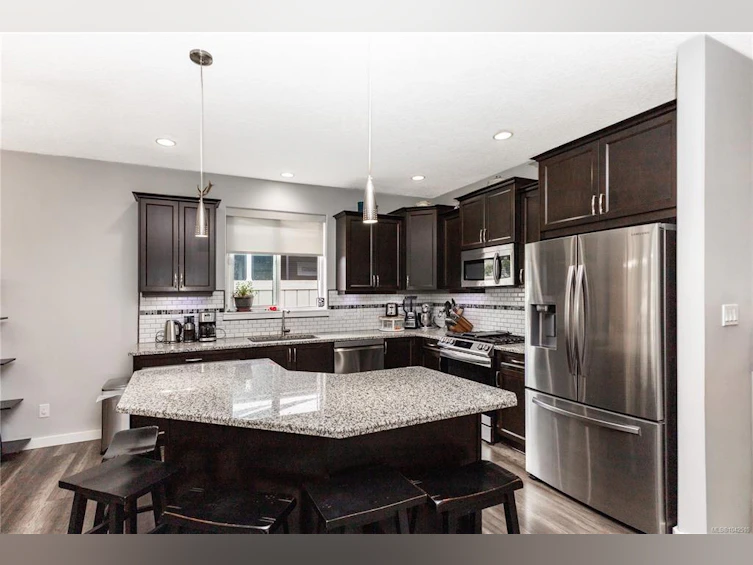 117 Strathcona Way, Campbell River, BC, V9H 1W4 - 17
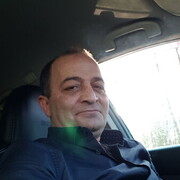 ���������� ������, ���� ������� �����, 52 ����, ������������ ��� ������, ����� � ���������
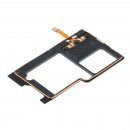 NFC Antennen Sensor Modul Reparatur für Nintendo Switch NS rechts JoyCon
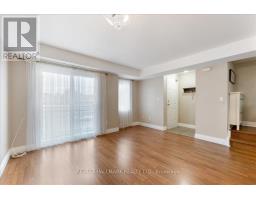 81 - 4620 Guildwood Way, Mississauga, ON L5R4H6 Photo 6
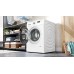 Bosch WGE03200BY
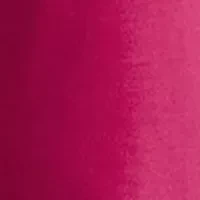Women's Star Rock Pants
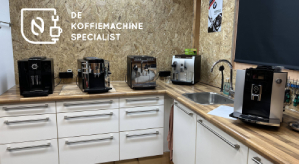 de jura koffiemachine specialist (1)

**********

> Activity
Above are the records; give them all again exactly, apart from the pictures.

> Solution
 117 Strathcona Way, Campbell River, BC, V9H 1W4 - 17
 ���������� ������, ���� ������� �����, 52 ����, ������������ ��� ������, ����� � ���������
 NFC Antennen Sensor Modul Reparatur für Nintendo Switch NS rechts JoyCon
 81 - 4620 Guildwood Way, Mississauga, ON L5R4H6 Photo 6
 Bosch WGE03200BY
Women's Star Rock Pants
 de jura koffiemachine specialist (1)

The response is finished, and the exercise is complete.